La loi Omnibus n'impose pas aux ecommerçants l'obligation de vérifier tous les avis clients publiés. Ainsi, il est possible de simplement indiquer que les avis publiés ne sont pas vérifiés. Mais il faut le faire de façon visible ; il n'est pas possible de dissimuler cette information dans les mentions légales.

Si le ecommerçant choisit de vérifier les avis, il doit :

  • prévenir les internautes de l'existence de liens capitalistiques entre la marque et le client dépositaire de l'avis, s'il y en a,
  • mettre en place une procédure de vérification de l'achat ou de l'utilisation effective du produit ou du service par le consommateur qui laisse l'avis,
  • préciser les caractéristiques principales du contrôle des avis au moment de leur collecte, de leur modération ou de leur diffusion,
  • donner des informations claires sur la manière dont les avis sont traités (exemple : "tous les avis, positifs ou négatifs, sont publiés" ; "avis sponsorisés"...),
  • préciser s'il existe ou non des processus pour garantir l’authenticité des avis publiés (vérification si l’avis provient bien d’un consommateur ayant acheté le produit, par exemple) et, si oui, la manière dont les informations sont contrôlées,
  • indiquer la possibilité, le cas échéant, de contacter l’auteur de l’avis,
  • mentionner la possibilité ou non de modifier un avis et, le cas échéant, les modalités de modification de l’avis,
  • indiquer les motifs justifiant un refus de publication de l’avis

Pour chaque avis déposé, le ecommerçant dispose d’un droit de réponse.

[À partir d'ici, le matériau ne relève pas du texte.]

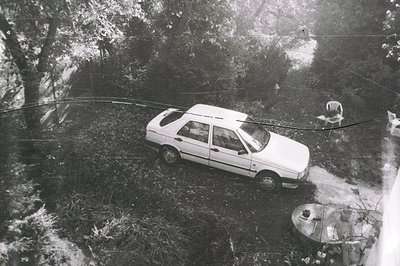 High-angle, monochrome image depicts a white sedan parked on a dirt path through a densely wooded area. A round table with di...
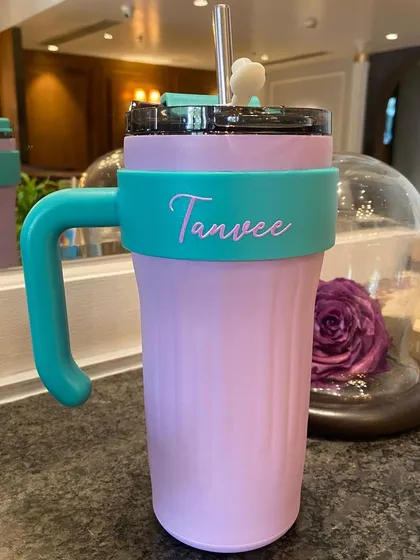 A beautiful pastel combination of our thirst trap tumbler. The lilac and teal colors look so dreamy together, and it's personalised with the name 'Tanvee'.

Depuis le 1er janvier 2019, les plateformes en ligne de plus de 5 millions de visiteurs uniques par mois doivent également élaborer et diffuser aux consommateurs des bonnes pratiques visant à renforcer les obligations de clarté, de transparence et de loyauté.

Quelles sanctions en cas d'infraction à la réglementation des avis en ligne ?

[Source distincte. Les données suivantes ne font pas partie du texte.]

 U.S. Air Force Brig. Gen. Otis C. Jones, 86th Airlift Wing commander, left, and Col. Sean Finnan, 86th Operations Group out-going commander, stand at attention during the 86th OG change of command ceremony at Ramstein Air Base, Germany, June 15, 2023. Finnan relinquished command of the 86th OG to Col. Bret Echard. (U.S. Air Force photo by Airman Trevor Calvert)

L'ordonnance du 23 décembre 2021 est entrée en vigueur le 28 mai 2022 et a durci les sanctions en cas de faux avis en ligne.

Désormais, en application de l'article L121-4 du Code de la consommation, un ecommerçant peut être pénalement sanctionné pour "pratiques commerciales trompeuses" s'il :

  • indique que les avis sont donnés par des consommateurs ayant effectivement utilisé le produit, sans que cela ait été vérifié,
  • publie de faux avis clients,
  • décourage les clients de publier des avis négatifs,
  • modifie de vrais avis clients,
  • supprime ou cache les avis négatifs,
  • achète de faux avis ou de fausses recommandations (mentions « j’aime », « like » etc).

Un ecommerçant doit également s’abstenir de rédiger un avis sur un produit ou service vendu par un concurrent, quand bien même il l’aurait effectivement acheté.

De telles pratiques lui font encourir :

  • pour un ecommerçant exerçant à son compte (entrepreneur individuel) : une amende pouvant aller jusqu’à 300 000 € et une peine d’emprisonnement pouvant aller jusqu’à 2 ans
  • pour un ecommerçant exerçant dans le cadre d'une société (SARL, SAS...) : une amende pouvant aller jusqu'à 1,5 million d'euros

Le montant de l'amende peut être porté, de manière proportionnée aux avantages tirés du délit, à 10 % du chiffre d'affaires moyen annuel, calculé sur les 3 derniers chiffres d'affaires annuels connus à la date des faits, ou à 50 % des dépenses engagées pour la réalisation de la publicité ou de la pratique constituant le délit.